2. Define your purpose. Picture your goal. Abraham said, "But you will go to my country and to my relatives, and take a wife for my son Isaac" (Gen. 24:4, NASB). Abraham clearly defined what he wanted. Later, he adds some other conditions. He wanted Isaac's wife to be of the same nationality, from the same home town and from the same faith.
You'll never accomplish a vague goal. A vague goal has no drawing power. Plus, you'll never know if you've accomplished it.
For example, when you're trying to nail down a goal, ask yourself three questions:
—What do I want to be?
—What do I want to do?
—What do I want to have?
After you answer those questions, get even more specific. Want your church to reach more people? Ask yourself, "Who do we want to reach?" Want to start a new church? Ask yourself, "Where?"
3. Discover a promise. Often, when you start setting goals, worry will set in. You start thinking of everything that could go wrong.
Never confuse the decision-making phase with the problem-solving phase. Make the decision, and then solve the problem.
Worry and fear can paralyze you. That's why you shouldn't focus on the "how" at this point. Instead, focus on how God will accomplish the goal.
In verse 7, God gave Eliezer a promise. Abraham says, "The Lord ... spoke to me and promised me on oath, saying, 'To your offspring I will give this land.'" This is the difference between non-Christian and Christian goal-setting. Christian goal-setting is always based on a promise of God. Let the size of your God determine the size of your goal.
4. Describe the profit. Every goal must have a payoff or reward. If there's no reward, you won't be motivated to fulfill it. Abraham clearly described the payoff to Eliezer in verse 7b (GW): "You will get my son a wife from there."
Eliezer was motivated to get a wife for his master's son.

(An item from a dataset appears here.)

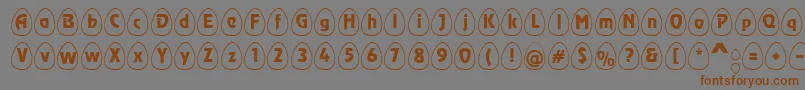 EggswhiteBecker Font – Brown Fonts on Gray Background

When that happened, his master would be pleased, and he would be rewarded.
Ask yourself three questions:
—What is the reward?
—Why do I want it?
—How will I feel when I get it?
When you settle the why, God will show you the how.

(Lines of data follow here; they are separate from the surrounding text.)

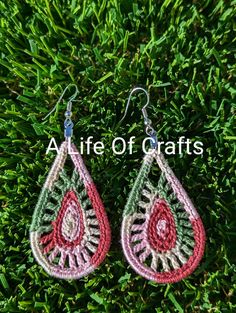 Beautiful handmade crochet earrings, perfect for any occasion, lightweight and crafted with care. These teardrop shape earrings are made with 100% Acrylic crochet thread, using Silver Fish Hook.  They are stiffened so they will maintain their beautiful shape.  These crochet Dangle & Drop earrings will become one of your favorite accessories.  Drop length is 2.75 inches. The color options are endless! Select the drop down to see what's in stock! Some of the designs include a small charm. Crafted with love in a smoke free, pet free environment. **Visit my shop for more cute items** Handmade Teardrop Earrings For Festival, Handmade Dangle Teardrop Earrings For Summer, Handmade Teardrop Earrings For Beach, Handmade Teardrop Dangle Earrings For Summer, Handmade Summer Teardrop Dangle Earrings, Handmade Bohemian Teardrop Earrings For Summer, Bohemian Handmade Teardrop Earrings For Summer, Handmade Pink Bohemian Teardrop Earrings, Bohemian Teardrop Earrings For Summer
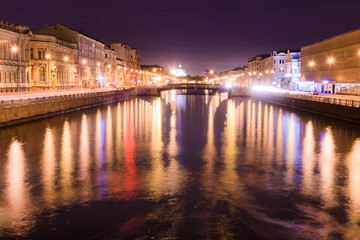 Fototapeta na wymiar View of Lomonosov bridge across the Fontanka river, Saint-Petersburg, at night anover side
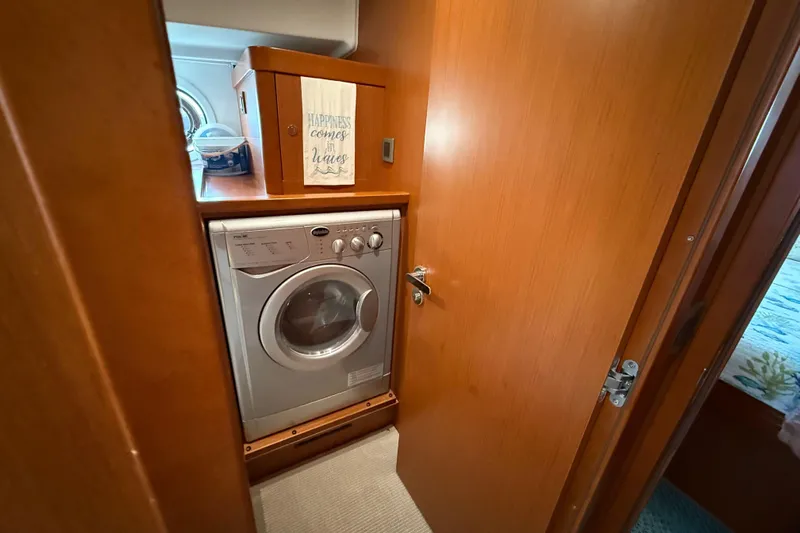  Yacht Photos Pics Laundry area inside 2018 Beneteau Swift Trawler 44, featuring a compact washing machine.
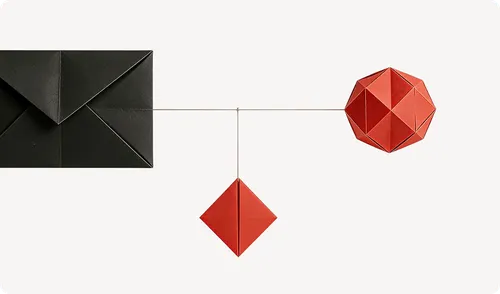 Black paper envelope connected by thin strings to two red geometric origami shapes on a white background.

5. Demonstrate desire in prayer. When you pray for your goals, it does two things.
First, it reveals desire. Often, God delays a goal you are working toward to see how badly you want it and distinguish it from a whim.

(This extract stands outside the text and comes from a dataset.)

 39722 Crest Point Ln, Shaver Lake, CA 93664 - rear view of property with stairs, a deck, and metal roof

Second, it shows your dependence. It demonstrates to others that you're placing your trust in God to accomplish the goal.
Eliezer prayed continuously throughout this entire process. He prays before he goes on the trip to find Isaac's wife (v. 12). He prays after he arrives (v. 15). He prays in front of the family of the girl (v. 52). He's constantly bathing his goals in prayer. That's how all Christians should engage their goals.